STORED DATA: Begin

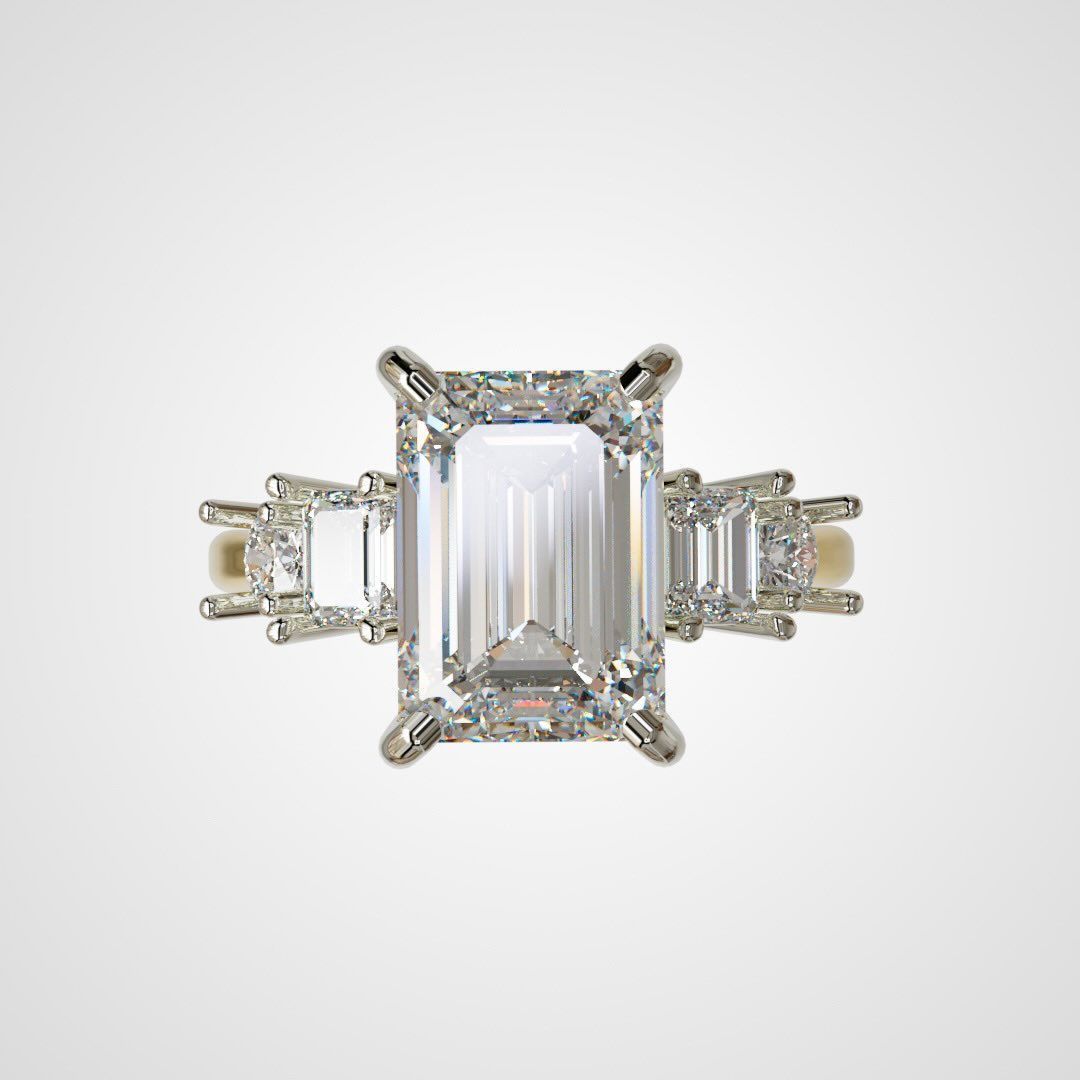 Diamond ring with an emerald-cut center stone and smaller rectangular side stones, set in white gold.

STORED DATA: End
STORED DATA: Begin

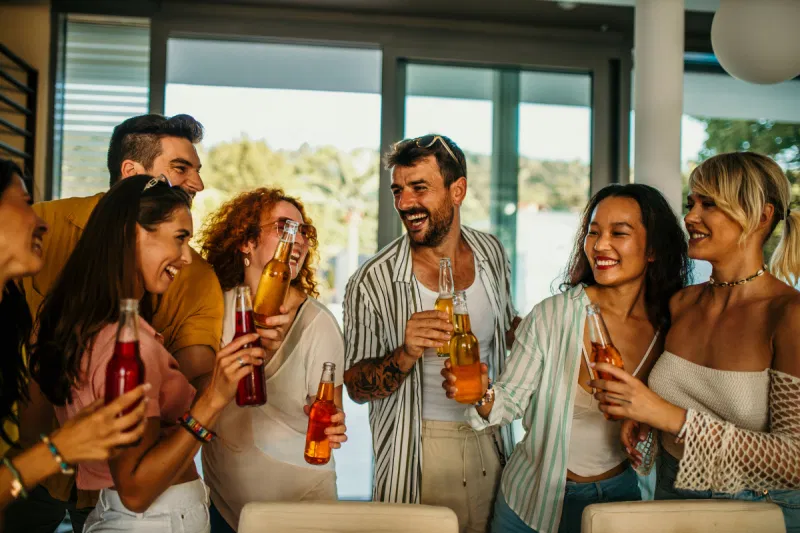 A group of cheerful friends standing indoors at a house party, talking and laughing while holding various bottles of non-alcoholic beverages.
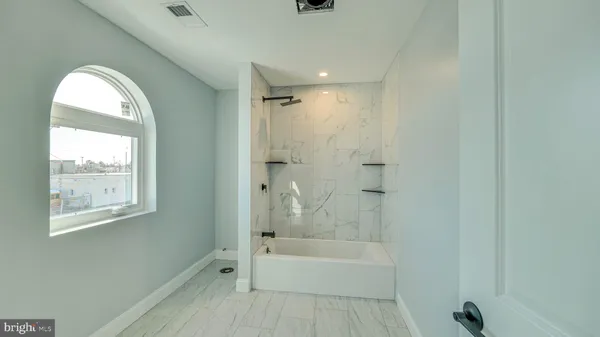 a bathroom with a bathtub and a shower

STORED DATA: End
STORED DATA: Begin

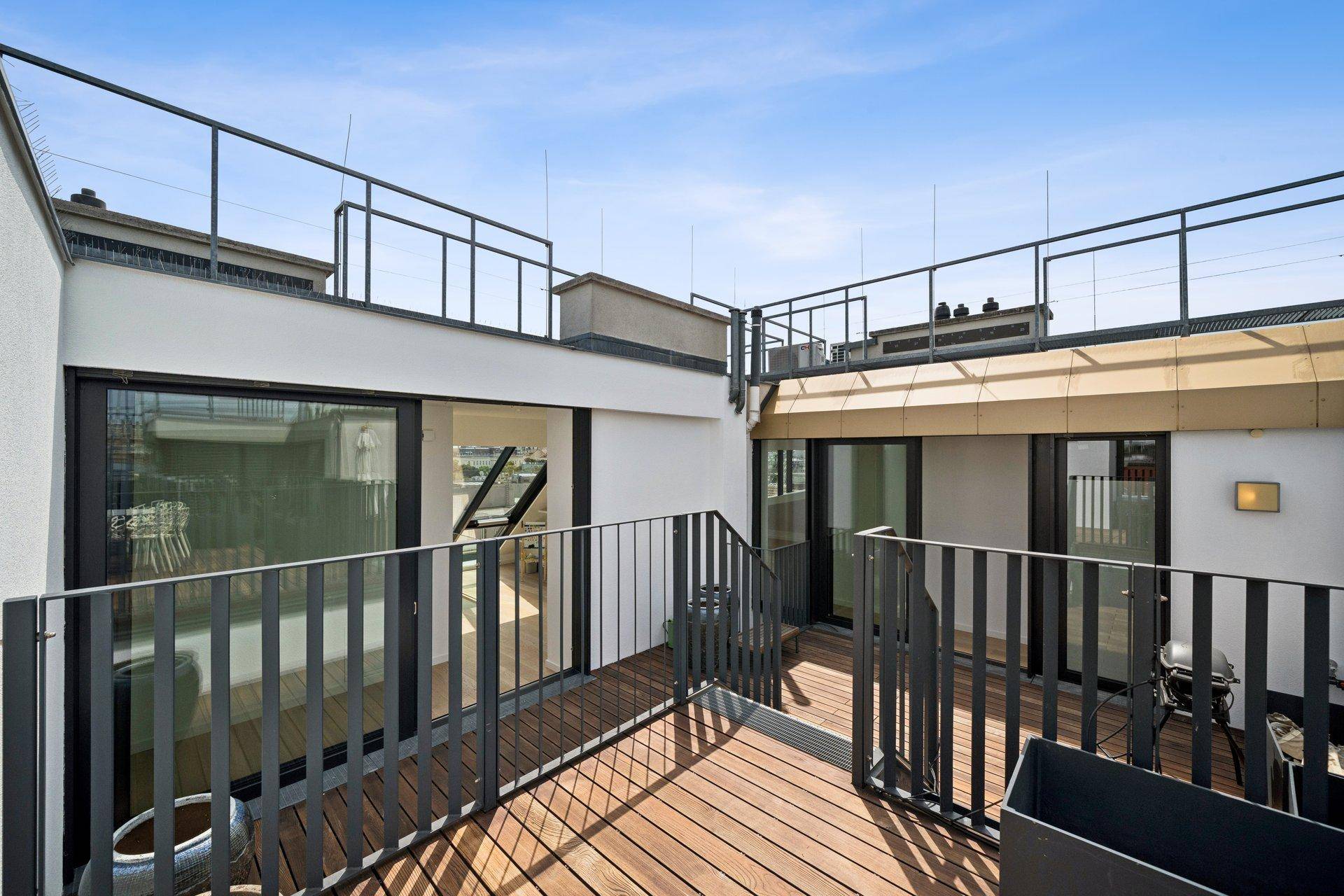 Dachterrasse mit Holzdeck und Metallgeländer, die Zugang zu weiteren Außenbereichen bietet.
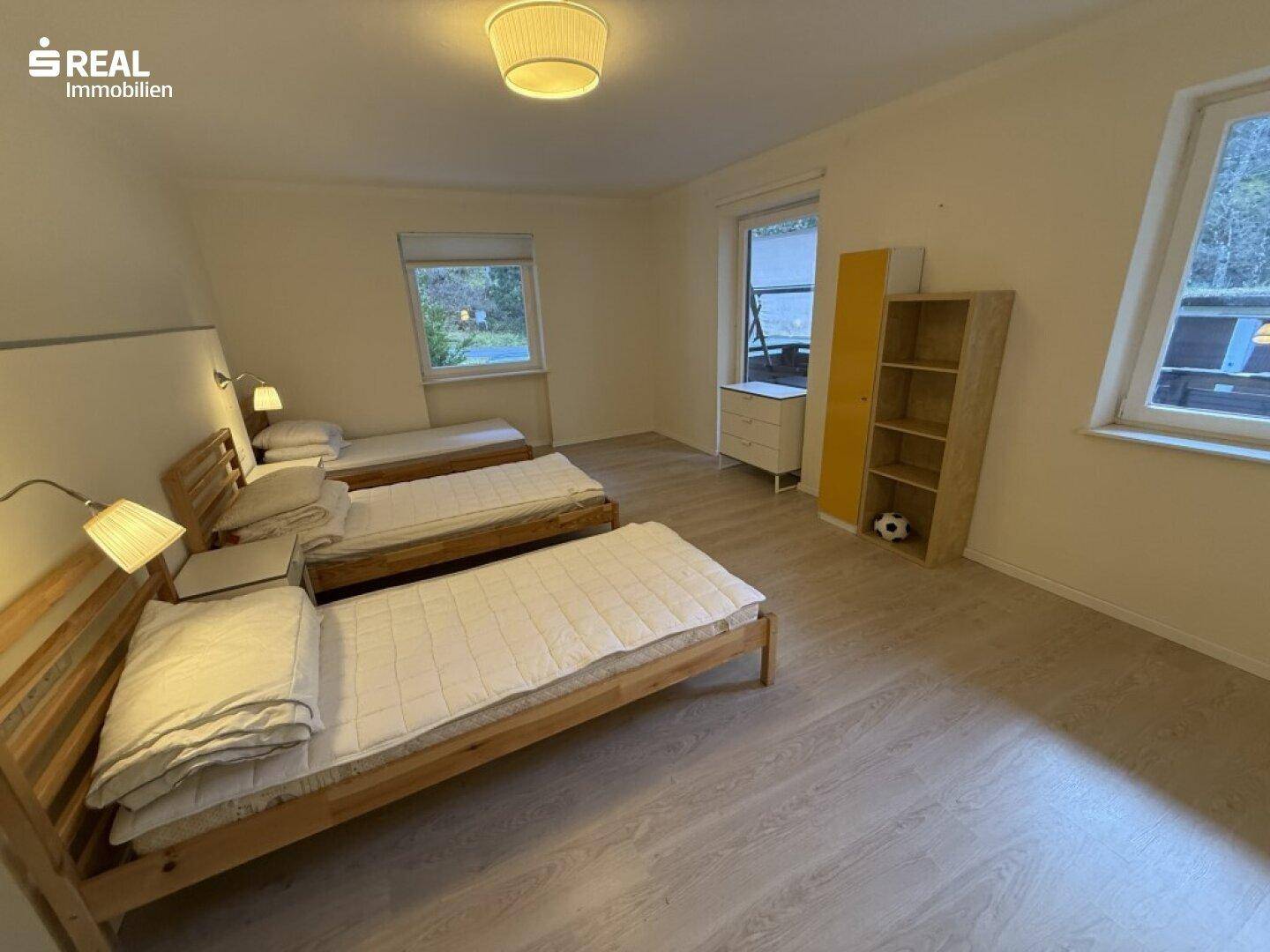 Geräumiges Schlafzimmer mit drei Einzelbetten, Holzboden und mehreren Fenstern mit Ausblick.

STORED DATA: End

PROBLEM DESCRIPTION
Line for line, output the entries above from the line with "Dachterrasse mit Holzdeck" to the line with "Geräumiges Schlafzimmer mit", both included, and nothing more. Skip pictures.

THE ANSWER
 Dachterrasse mit Holzdeck und Metallgeländer, die Zugang zu weiteren Außenbereichen bietet.
 Geräumiges Schlafzimmer mit drei Einzelbetten, Holzboden und mehreren Fenstern mit Ausblick.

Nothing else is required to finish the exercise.